Par souci de clarté, la facture litigieuse sera entièrement annulée et l'Office sera invité à en établir une nouvelle conforme aux considérants de la présente décision.

3. La procédure de plainte est gratuite et ne donne pas lieu à l'allocation de dépens (art. 20 a LP; art. 61 al. 2 let. a et art. 62 al. 2 OELP).

* * * * *



PAR CES MOTIFS,
La Chambre de surveillance :


A la forme
:

Déclare recevable la plainte formée le 26 avril 2022 par A______ contre la facture n° 33______ datée du 31 mars 2022.

Au fond :

L'admet partiellement.

Annule la facture susvisée et invite l'Office cantonal des poursuites à en établir une nouvelle dans le sens des considérants de la présente décision.
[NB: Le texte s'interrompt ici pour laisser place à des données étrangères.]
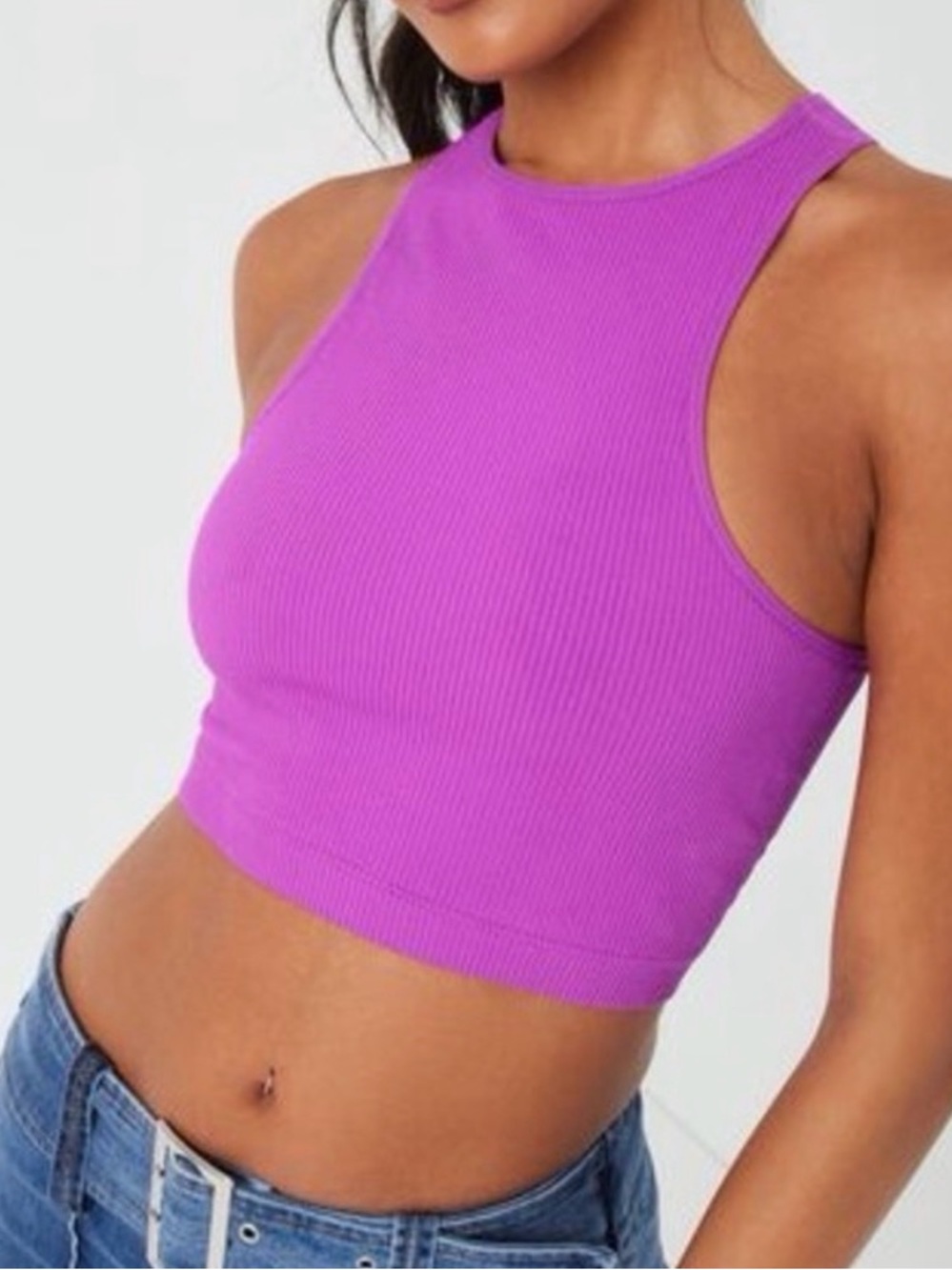 Garage Bright Purple Ribbed Racer Crop Tank Top Size M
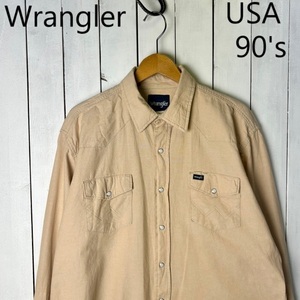 sh●629 USA古着 90s Wrangler ウエスタンシャツ XL ベージュ オールド ヴィンテージ アメリカ古着 ラングラー 長袖 無地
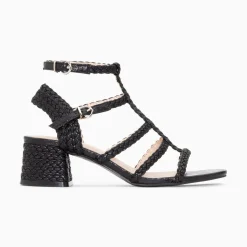 Sandales A Talon Tressees Claudia Noires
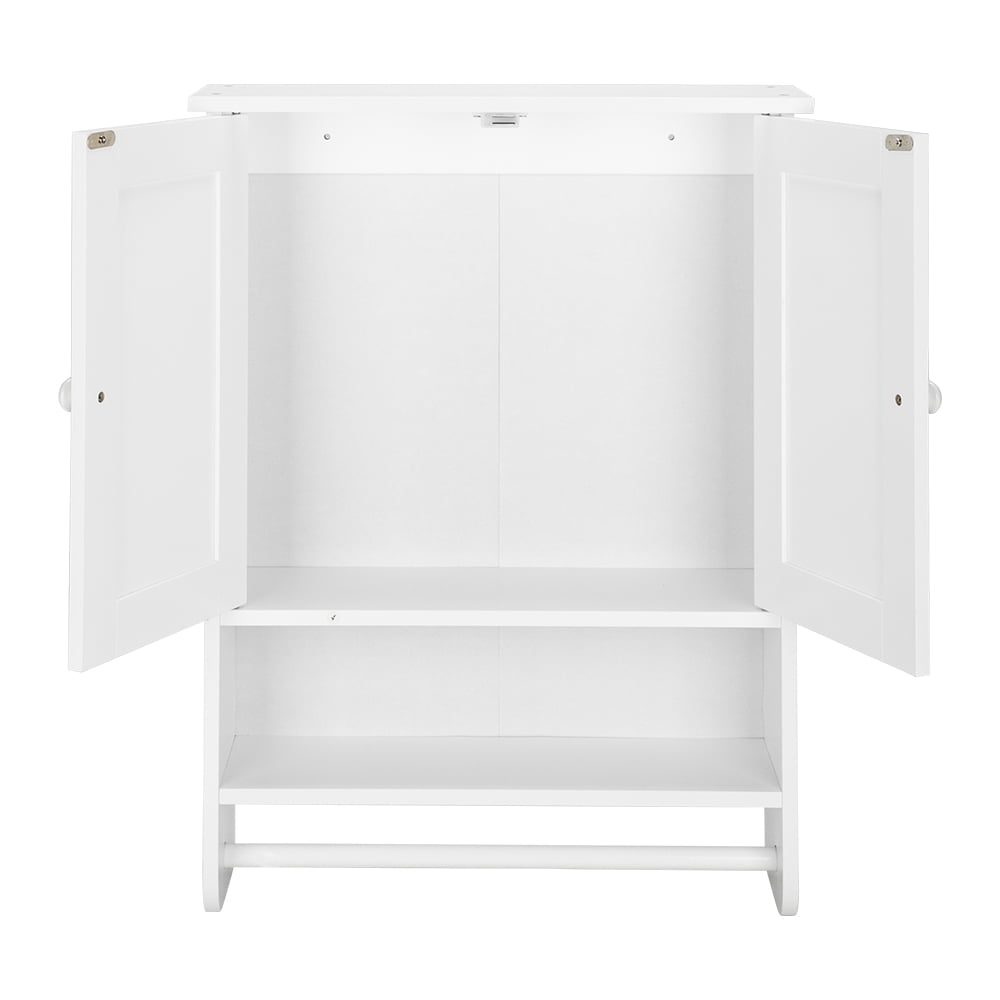 Ktaxon Bathroom Wall Cabinet, Wall Mounted Over the Toilet Storage Cabinet Organizer with Double Doors, 1 Adjustable Shelf, 1 Towel Bar, White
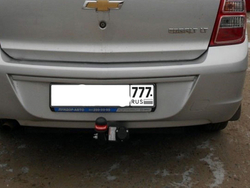 Фаркоп на Chevrolet Cobalt 2013-2016, Ravon R4 2016-2020 без выреза бампера. Тип шара: A. Нагрузки: 1000/75 кг, масса фаркопа 15,7 кг (без электрики в комплекте) - 5268-A Oris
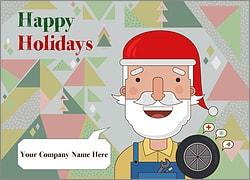Santa Tires Christmas Card
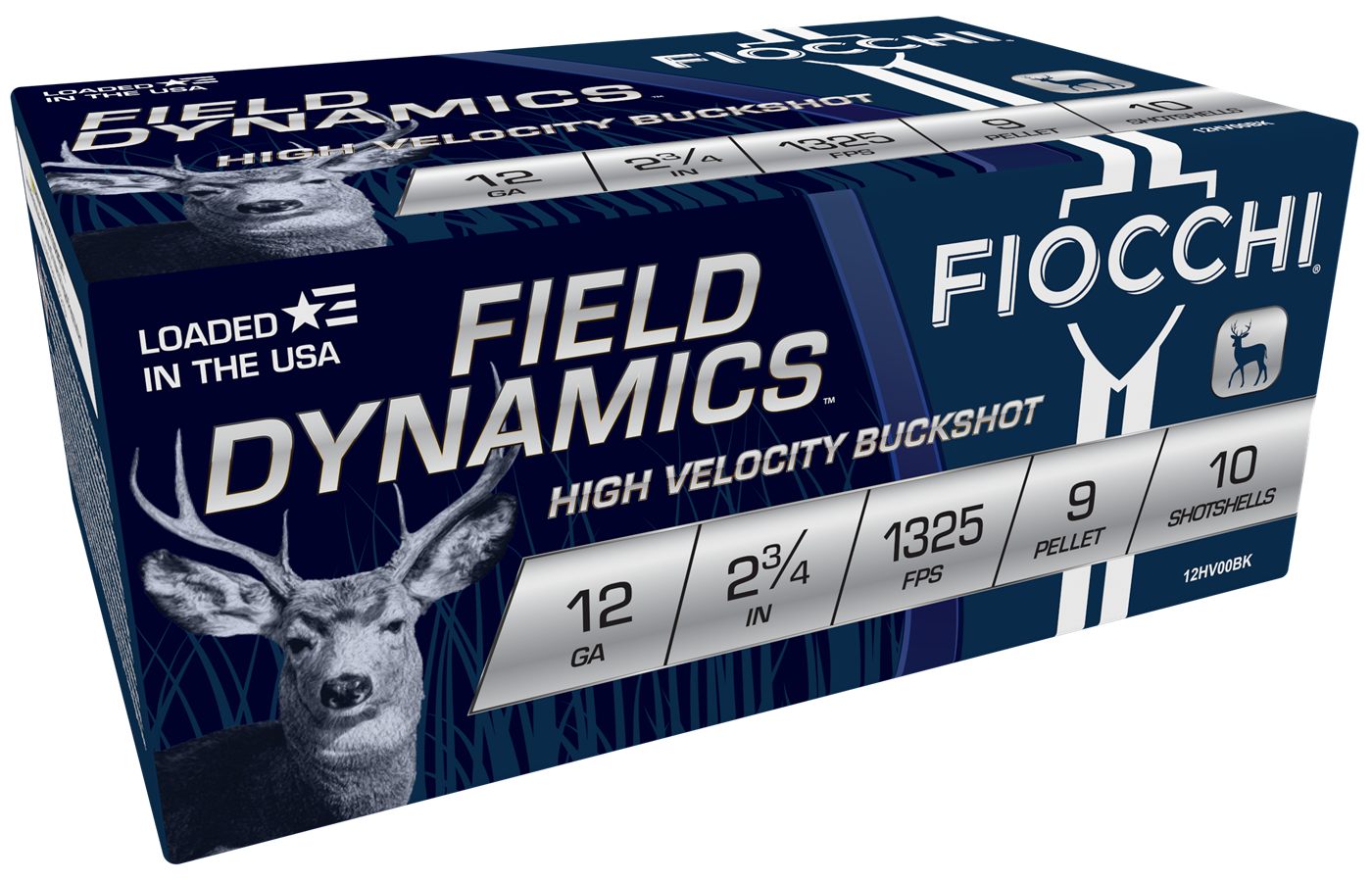 Fiocchi Ammunition 12HV9P Field Dynamics 12 Gauge 2.75in 9 Pellets 00 Buck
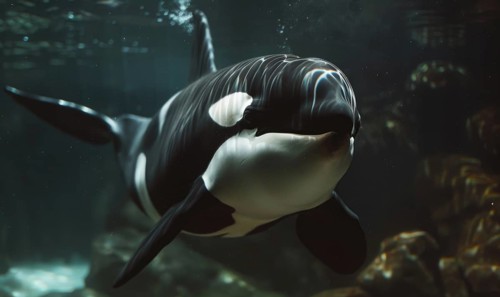 Orca whale swimming in its natural habitat AI generated
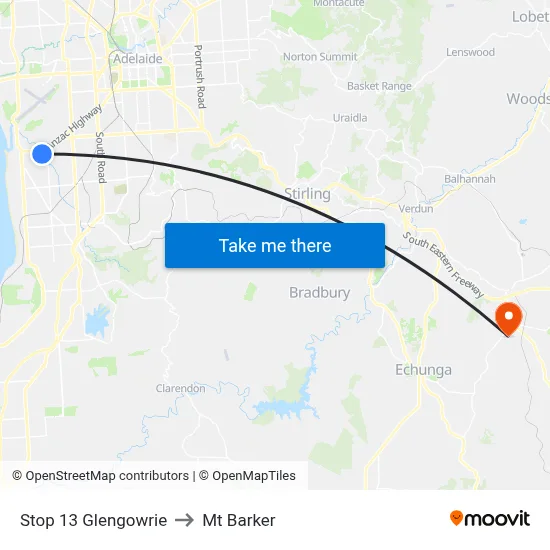 Stop 13 Glengowrie to Mt Barker map
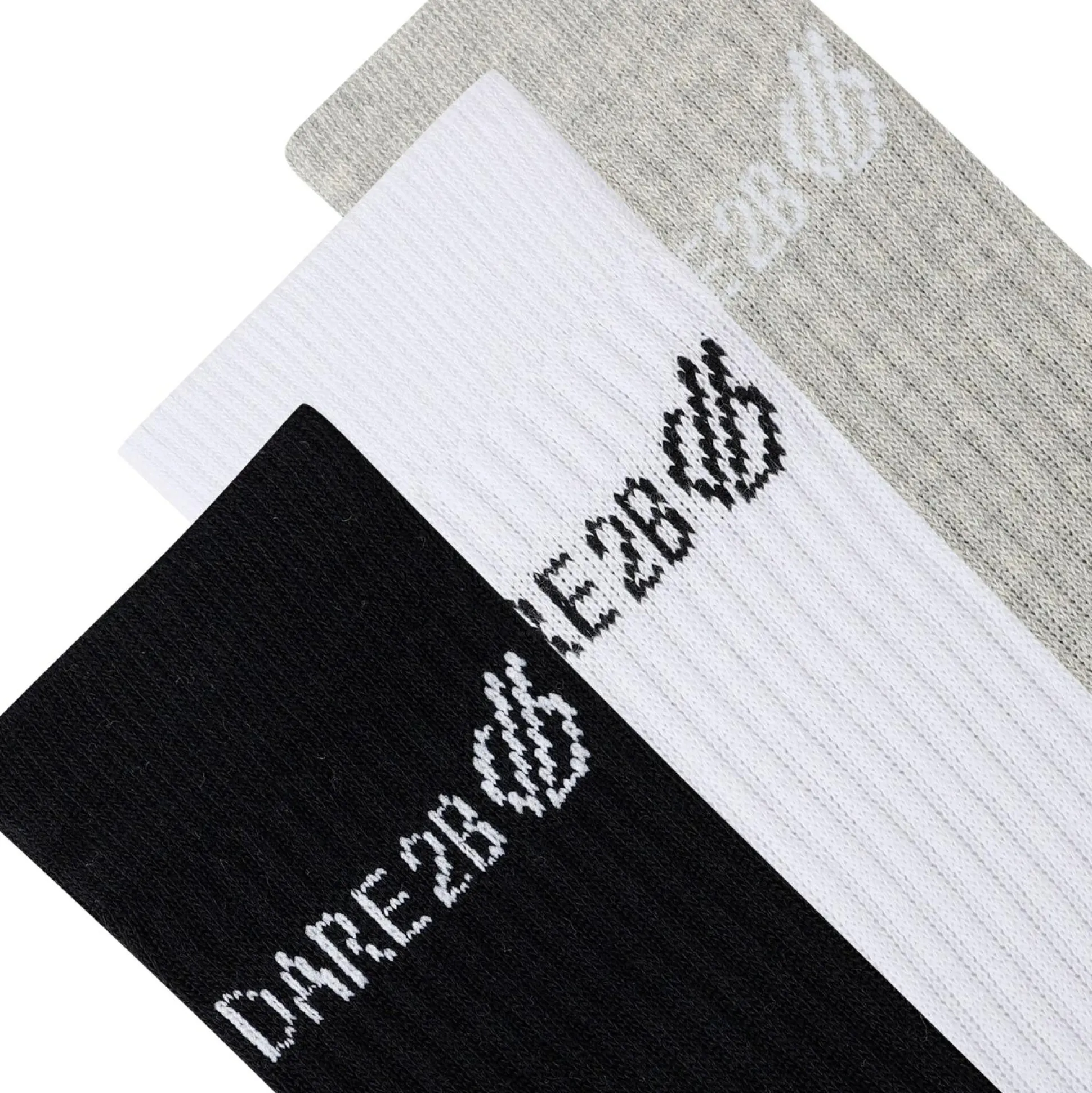 Dare 2b - Pack of 3 Unisex Crew Socks | Black / White / Grey Marl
Déboute les parties de toutes autres conclusions.

Siégeant :

Madame Nathalie RAPP, présidente; Madame Ekaterine BLINOVA et
Monsieur Denis KELLER, juges assesseurs; Madame Christel HENZELIN, greffière.

 

La présidente :

Nathalie RAPP

 

La greffière :

Christel HENZELIN

 

 

 

Voie de recours :

Le recours en matière civile au sens de l’art. 72 al. 2 let. a de la loi sur le Tribunal fédéral du 17 juin 2005 (LTF; RS 173.110) est ouvert contre les décisions prises par la Chambre de surveillance des Offices des poursuites et des faillites, unique autorité cantonale de surveillance en matière de poursuite pour dettes et faillite (art. 126 LOJ). Il doit être déposé devant le Tribunal fédéral, 1000 Lausanne 14, dans les dix jours qui suivent la notification de l'expédition complète de la présente décision (art. 100 al. 1 et 2 let. a LTF) ou dans les cinq jours en matière de poursuite pour effets de change (art. 100 al. 3 let. a LTF). L’art. 119 al. 1 LTF prévoit que si une partie forme un recours ordinaire et un recours constitutionnel, elle doit déposer les deux recours dans un seul mémoire. Le recours doit être rédigé dans une langue officielle, indiquer les conclusions, en quoi l'acte attaqué viole le droit et les moyens de preuve, et être signé (art. 42 LTF).

Le recours doit être adressé au Tribunal fédéral, 1000 Lausanne 14.